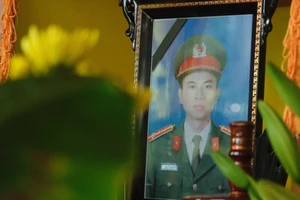 Bộ Công an thăng cấp bậc hàm lên Đại úy cho anh Trần Trung Hiếu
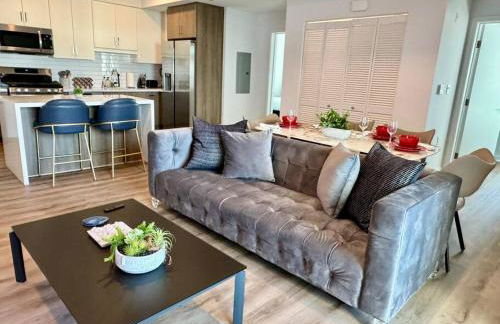 Corner 2 Bedroom 2 Bath Condo - Balcony - Parking - Foto 5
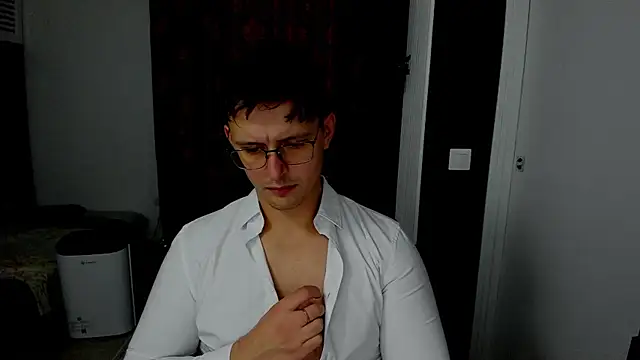 sexxymuscles4u online show from 14, 11, 2025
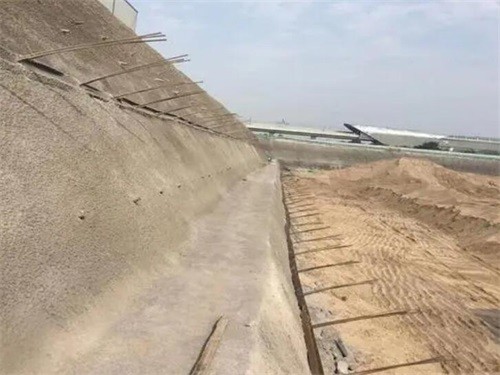 克拉玛依河道边坡加固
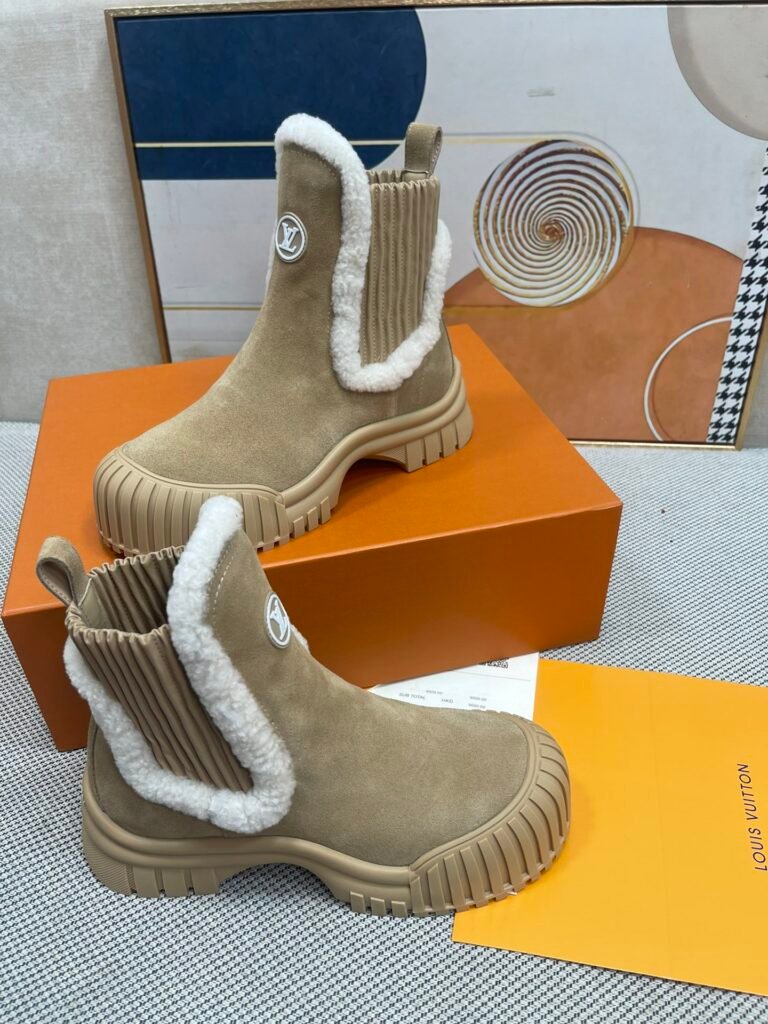 Louis Vuitton Unisex Boots detail image 2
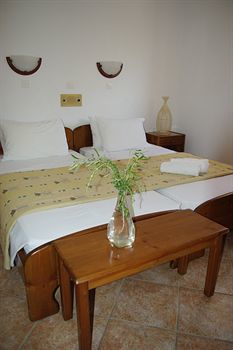 Astron Hotel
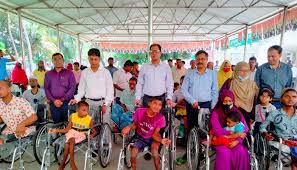 কালিয়াকৈরে প্রতিবন্ধী শিক্ষার্থীদের মাঝে হুইলচেয়ার বিতরণ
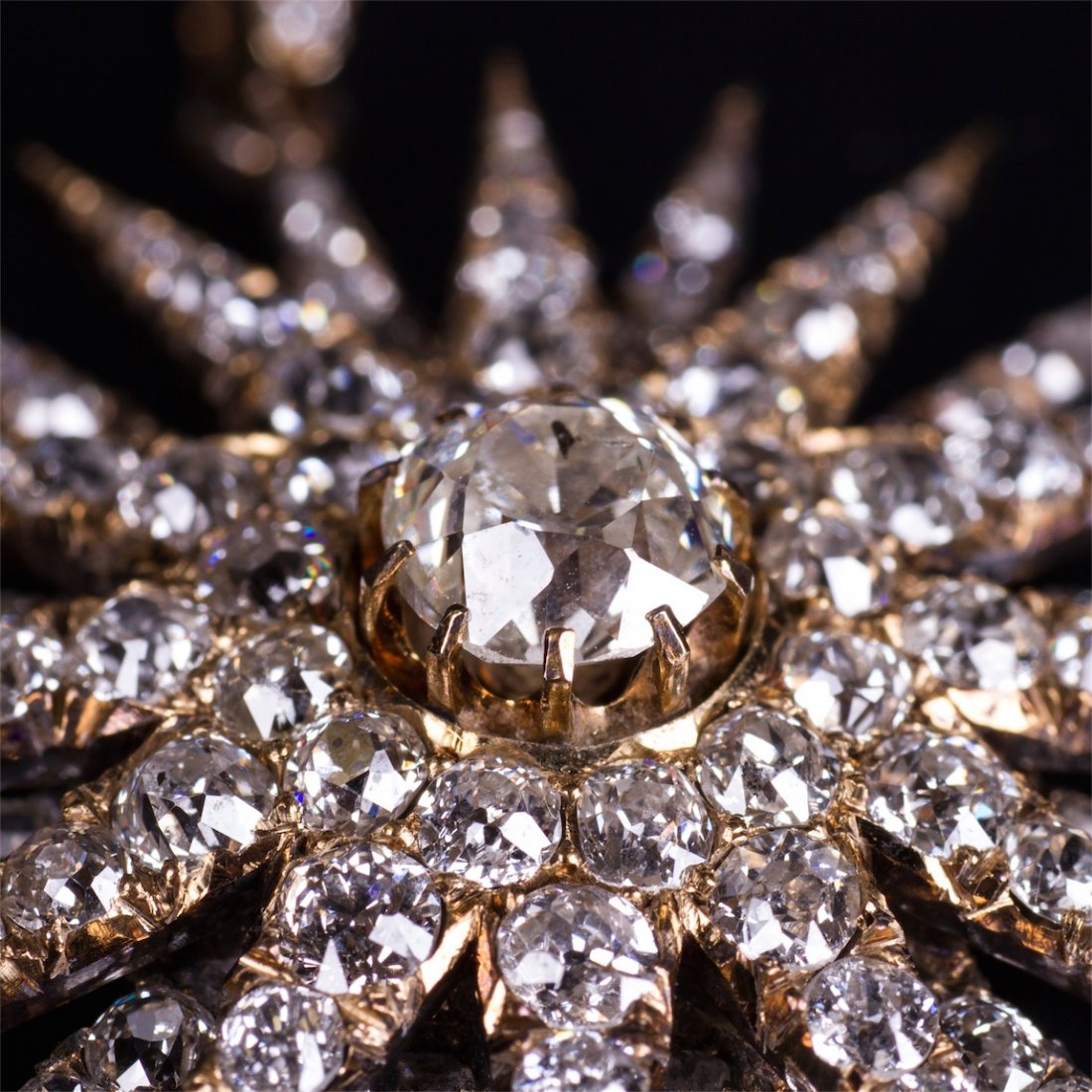 Antique Russian gold pendant with diamonds. — image 2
※ ※ ※
● **Work instruction**
Pictures do not go in the copy. Write out exactly the lines from the line containing "Corner 2 Bedroom" through the last line of the listing.

● **Your solution**
 Corner 2 Bedroom 2 Bath Condo - Balcony - Parking - Foto 5
 sexxymuscles4u online show from 14, 11, 2025
 克拉玛依河道边坡加固
 Louis Vuitton Unisex Boots detail image 2
 Astron Hotel
 কালিয়াকৈরে প্রতিবন্ধী শিক্ষার্থীদের মাঝে হুইলচেয়ার বিতরণ
 Antique Russian gold pendant with diamonds. — image 2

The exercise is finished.